Required work: Reproduce word for word, from the entries below, the line with "Tryout Sunday Dec. 12th", the line with "2026 Ford F-150 STX 4WD SuperCrew 5.5' Box", and every line between them, and nothing more.

Top of Excerpted data

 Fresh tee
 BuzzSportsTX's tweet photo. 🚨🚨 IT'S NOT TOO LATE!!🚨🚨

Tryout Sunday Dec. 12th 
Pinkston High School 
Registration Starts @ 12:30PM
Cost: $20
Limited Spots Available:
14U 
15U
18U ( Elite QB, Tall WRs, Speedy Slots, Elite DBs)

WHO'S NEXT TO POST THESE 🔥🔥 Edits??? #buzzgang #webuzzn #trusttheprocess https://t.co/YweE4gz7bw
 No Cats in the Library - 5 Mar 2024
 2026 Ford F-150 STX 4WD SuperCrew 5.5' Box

Bottom of Excerpted data
Top of Excerpted data

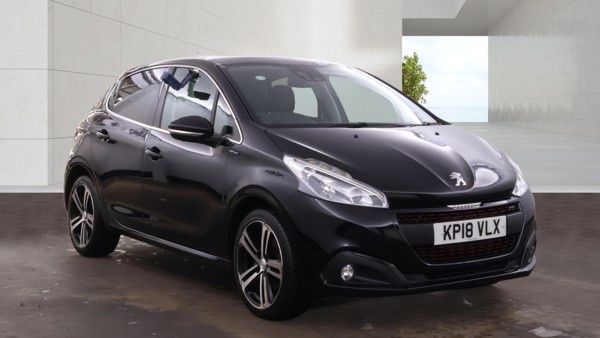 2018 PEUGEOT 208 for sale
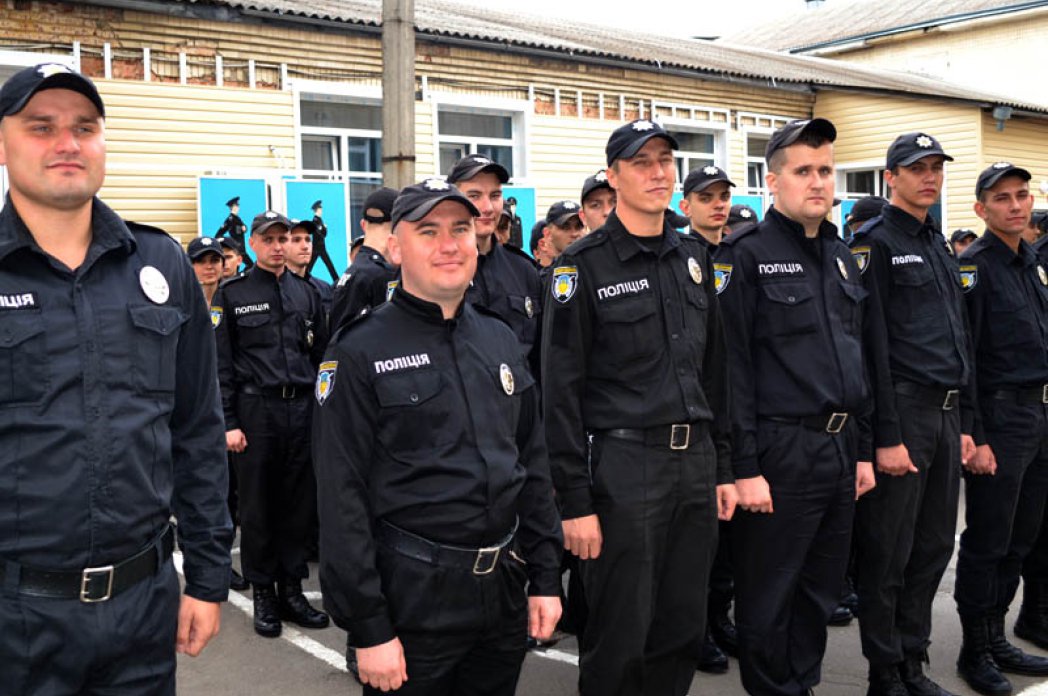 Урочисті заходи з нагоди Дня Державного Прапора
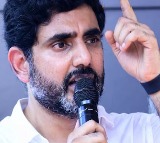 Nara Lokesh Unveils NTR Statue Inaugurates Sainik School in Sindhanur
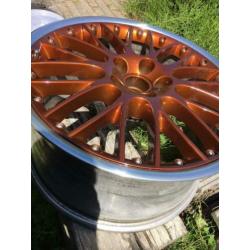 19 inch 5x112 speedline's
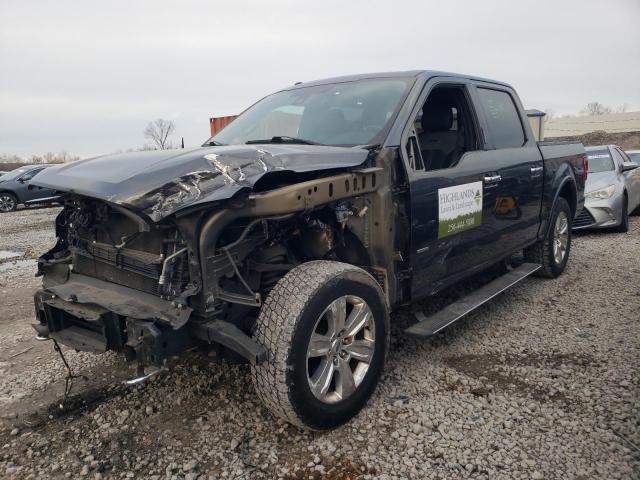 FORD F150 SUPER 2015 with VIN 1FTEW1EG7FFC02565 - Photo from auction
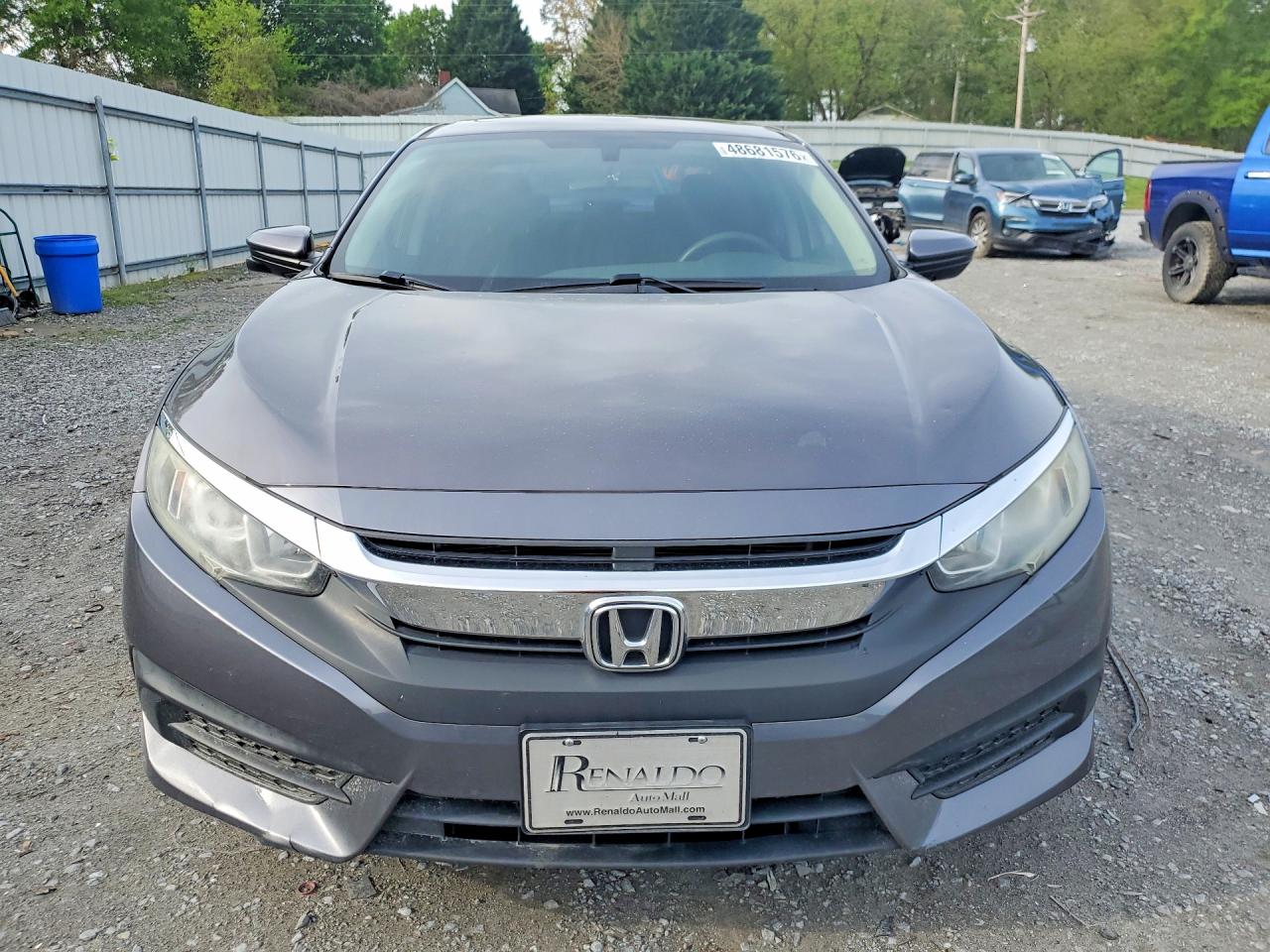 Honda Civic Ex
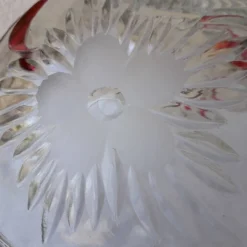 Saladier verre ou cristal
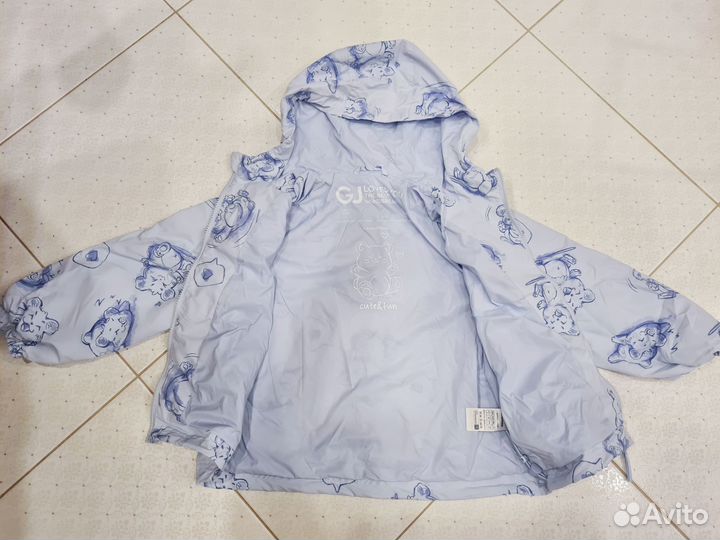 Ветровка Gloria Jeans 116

Bottom of Excerpted data
Top of Excerpted data

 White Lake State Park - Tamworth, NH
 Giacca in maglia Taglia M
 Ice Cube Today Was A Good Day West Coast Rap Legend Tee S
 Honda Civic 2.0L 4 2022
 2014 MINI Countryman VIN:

Bottom of Excerpted data

Task answer:
Tryout Sunday Dec. 12th 
Pinkston High School 
Registration Starts @ 12:30PM
Cost: $20
Limited Spots Available:
14U 
15U
18U ( Elite QB, Tall WRs, Speedy Slots, Elite DBs)

WHO'S NEXT TO POST THESE 🔥🔥 Edits??? #buzzgang #webuzzn #trusttheprocess https://t.co/YweE4gz7bw
 No Cats in the Library - 5 Mar 2024
 2026 Ford F-150 STX 4WD SuperCrew 5.5' Box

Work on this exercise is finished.